「スターと」四天王寺高校(長尾高校②)

この度、四天王寺高校さんの「スターと」のゲネプロと本番を観劇させていただきました。
長尾高校3年の梶原結月です。

まず、あらすじを読んだ時点で、「演劇大会はうまくいかなかったけれど、最後の引退公演を大切にしたい。このメンバーで出る最後の舞台だから、次に向かって進もう!」というメッセージが伝わってきました。

タイトルの「スターと」には、"STAR"と"START"の掛け合わせに加えて、ひらがな表記による柔らかさや意味の奥行きを感じ、思わず「タイトルがすでに可愛い!」と感じました。

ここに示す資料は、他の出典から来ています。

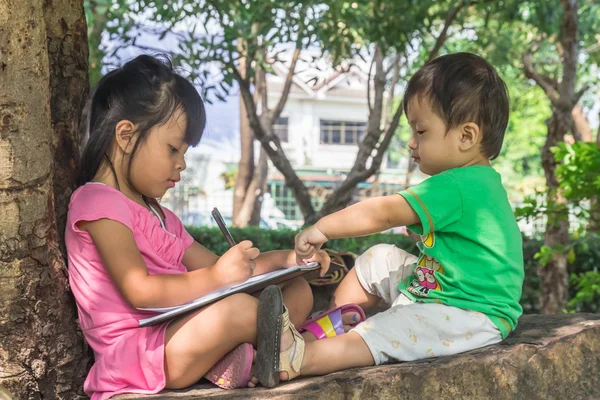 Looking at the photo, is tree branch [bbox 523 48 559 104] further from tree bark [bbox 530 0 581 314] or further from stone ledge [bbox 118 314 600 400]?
stone ledge [bbox 118 314 600 400]

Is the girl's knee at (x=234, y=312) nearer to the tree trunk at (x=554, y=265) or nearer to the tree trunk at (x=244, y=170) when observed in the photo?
the tree trunk at (x=554, y=265)

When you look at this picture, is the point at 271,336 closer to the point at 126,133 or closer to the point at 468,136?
the point at 126,133

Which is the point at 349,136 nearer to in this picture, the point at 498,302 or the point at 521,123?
the point at 521,123

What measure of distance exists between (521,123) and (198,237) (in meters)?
21.8

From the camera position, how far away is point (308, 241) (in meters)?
2.43

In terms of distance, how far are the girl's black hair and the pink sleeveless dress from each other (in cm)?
16

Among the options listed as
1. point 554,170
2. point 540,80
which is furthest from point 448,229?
point 540,80

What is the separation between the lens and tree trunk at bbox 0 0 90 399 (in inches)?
86.3

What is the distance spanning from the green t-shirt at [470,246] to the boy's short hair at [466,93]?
0.54 feet

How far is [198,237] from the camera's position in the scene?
25.6ft

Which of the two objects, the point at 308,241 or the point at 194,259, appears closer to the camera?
the point at 308,241

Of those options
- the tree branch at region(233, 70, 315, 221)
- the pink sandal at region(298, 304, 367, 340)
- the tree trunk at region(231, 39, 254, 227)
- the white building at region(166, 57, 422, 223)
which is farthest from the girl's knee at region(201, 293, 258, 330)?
the white building at region(166, 57, 422, 223)

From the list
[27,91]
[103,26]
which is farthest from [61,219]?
[103,26]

舞台は部室から始まり、黒田と小泉が大会の片付けをしているところから物語が動き出します。2人の間には部員へ隠し事があり、それを周囲に悟られまいとする空気が舞台に張り詰めていました。

中でも印象的だったのが照明です。先の見えない不安や、信じた道を行こうとする覚悟を表現するような、奥行きのある光の演出がとても印象的でした。音楽や照明が役者の動きとぴったり重なり、観ている私たちを一気に作品世界に引き込んでくれました。

小泉の「私は空っぽだ」ということに対しての犬養の想いにはとても胸を打たれました。部活で過ごした日々や、仲間との思い出が心にあるからこそ辛く、世間の評価によって演劇を嫌いになりたくないから、逃げてしまいたくなる。その気持ちが痛いほど伝わり、桂を始めとする部員達の笑顔で誤魔化すことの苦しさが胸に迫ってきました。

一方で黒田は、「自分は脇役だ」「みんなが輝いている」と感じており、自信が持てない様子でした。でも、作品を観終わった後にもう一度タイトルを見ると、黒田をはじめ、登場人物全員が"スター"のように輝いていて、そこから新しい道を"スタート"していくという、タイトルそのものが物語にリンクしていることに気付き、はっとさせられました。

この作品は、何度観ても面白く、高校での演劇部人生とは何だったのか、深く考えさせられる舞台でした。劇中の音楽にもあった「拝啓、少年よ」という曲の歌詞が、本当にぴったりだと思います。もう目標を純粋に馬鹿みたいに追いかけてた自分の姿をを泣き笑いたくなりますがとても楽しいと思わせてくれます。

話しは変わりますが、黒子ちゃんたちの去り際の足や、記念撮影に「君たちも入るんかい?!」っとツッコミたくなる演出でした✨️ギャル雪のお話も是非コミック化、アニメ化してほしいです!

パンフレットもカラーで凝っていて、待ち時間も楽しませていただきました。高校演劇部での活動がいかにかけがえのないものであるか、そして軽々しく語れるものではないと、人生を見つめ直すきっかけになるような作品でした。

この度は素晴らしい公演を本当にありがとうございました。心からお疲れ様でした!